--- TASK INPUT ---

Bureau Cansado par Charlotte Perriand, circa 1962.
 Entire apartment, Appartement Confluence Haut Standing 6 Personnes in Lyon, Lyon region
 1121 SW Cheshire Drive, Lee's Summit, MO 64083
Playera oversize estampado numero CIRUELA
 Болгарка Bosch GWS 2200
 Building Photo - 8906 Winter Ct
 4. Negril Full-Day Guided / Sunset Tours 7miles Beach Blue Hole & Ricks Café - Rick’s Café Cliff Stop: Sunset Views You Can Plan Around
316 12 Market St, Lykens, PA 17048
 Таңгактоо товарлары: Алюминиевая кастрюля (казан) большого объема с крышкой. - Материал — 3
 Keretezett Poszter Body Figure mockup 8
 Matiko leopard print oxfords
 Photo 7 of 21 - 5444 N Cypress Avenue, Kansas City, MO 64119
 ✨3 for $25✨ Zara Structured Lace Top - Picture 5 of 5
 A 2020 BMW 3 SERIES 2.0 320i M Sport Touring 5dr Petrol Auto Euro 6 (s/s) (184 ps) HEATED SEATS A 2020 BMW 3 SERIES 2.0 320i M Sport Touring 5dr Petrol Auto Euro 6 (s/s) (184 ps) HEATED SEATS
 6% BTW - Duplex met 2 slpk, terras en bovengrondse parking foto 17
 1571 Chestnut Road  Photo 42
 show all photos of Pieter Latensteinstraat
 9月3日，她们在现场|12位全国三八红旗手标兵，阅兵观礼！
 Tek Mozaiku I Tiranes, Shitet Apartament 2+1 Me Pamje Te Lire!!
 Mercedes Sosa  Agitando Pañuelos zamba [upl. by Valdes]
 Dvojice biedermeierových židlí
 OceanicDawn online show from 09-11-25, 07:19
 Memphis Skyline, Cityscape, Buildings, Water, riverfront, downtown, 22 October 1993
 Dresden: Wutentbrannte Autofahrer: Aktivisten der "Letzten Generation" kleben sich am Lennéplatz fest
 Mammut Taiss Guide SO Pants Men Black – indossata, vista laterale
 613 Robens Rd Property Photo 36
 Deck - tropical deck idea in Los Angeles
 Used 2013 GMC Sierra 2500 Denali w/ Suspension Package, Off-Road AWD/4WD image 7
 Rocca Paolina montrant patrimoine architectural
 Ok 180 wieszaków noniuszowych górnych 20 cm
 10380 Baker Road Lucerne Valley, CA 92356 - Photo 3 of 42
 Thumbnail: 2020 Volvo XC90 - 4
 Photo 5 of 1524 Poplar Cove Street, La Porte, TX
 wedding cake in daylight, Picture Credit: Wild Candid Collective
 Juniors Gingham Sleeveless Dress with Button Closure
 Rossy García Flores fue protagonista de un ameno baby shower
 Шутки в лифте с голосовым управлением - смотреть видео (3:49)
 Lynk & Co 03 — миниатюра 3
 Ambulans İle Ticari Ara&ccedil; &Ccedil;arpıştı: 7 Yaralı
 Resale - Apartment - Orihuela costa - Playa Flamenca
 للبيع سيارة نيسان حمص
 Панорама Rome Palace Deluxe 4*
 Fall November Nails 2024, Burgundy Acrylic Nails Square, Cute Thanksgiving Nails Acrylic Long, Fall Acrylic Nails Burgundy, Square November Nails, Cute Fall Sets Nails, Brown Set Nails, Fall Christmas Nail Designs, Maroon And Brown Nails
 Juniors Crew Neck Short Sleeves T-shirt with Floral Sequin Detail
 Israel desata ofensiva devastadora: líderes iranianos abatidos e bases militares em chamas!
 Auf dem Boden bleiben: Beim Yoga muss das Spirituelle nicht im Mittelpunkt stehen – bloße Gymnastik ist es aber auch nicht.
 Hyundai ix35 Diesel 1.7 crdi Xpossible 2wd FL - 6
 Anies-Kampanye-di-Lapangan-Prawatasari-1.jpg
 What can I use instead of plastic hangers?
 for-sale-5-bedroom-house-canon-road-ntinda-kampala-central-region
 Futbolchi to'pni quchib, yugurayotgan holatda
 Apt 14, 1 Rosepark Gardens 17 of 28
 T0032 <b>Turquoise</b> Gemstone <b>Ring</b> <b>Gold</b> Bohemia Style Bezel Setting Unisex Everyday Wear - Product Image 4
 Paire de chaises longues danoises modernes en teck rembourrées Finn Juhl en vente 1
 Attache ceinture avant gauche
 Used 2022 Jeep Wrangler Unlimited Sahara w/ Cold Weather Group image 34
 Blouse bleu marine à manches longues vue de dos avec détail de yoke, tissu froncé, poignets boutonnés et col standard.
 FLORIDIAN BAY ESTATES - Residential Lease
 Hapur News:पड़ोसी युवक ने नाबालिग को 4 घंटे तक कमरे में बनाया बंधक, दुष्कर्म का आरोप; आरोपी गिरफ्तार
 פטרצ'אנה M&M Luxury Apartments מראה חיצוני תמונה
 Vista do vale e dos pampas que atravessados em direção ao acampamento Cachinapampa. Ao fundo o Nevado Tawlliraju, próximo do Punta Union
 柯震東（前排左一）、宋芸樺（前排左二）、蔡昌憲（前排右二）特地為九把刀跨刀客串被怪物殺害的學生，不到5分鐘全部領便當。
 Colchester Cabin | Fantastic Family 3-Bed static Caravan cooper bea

---

● REQUIREMENT:
Which lines in the data above hold the string "Picture"? Return each of them.

● OUTPUT FOR THIS TASK:
 ✨3 for $25✨ Zara Structured Lace Top - Picture 5 of 5
 wedding cake in daylight, Picture Credit: Wild Candid Collective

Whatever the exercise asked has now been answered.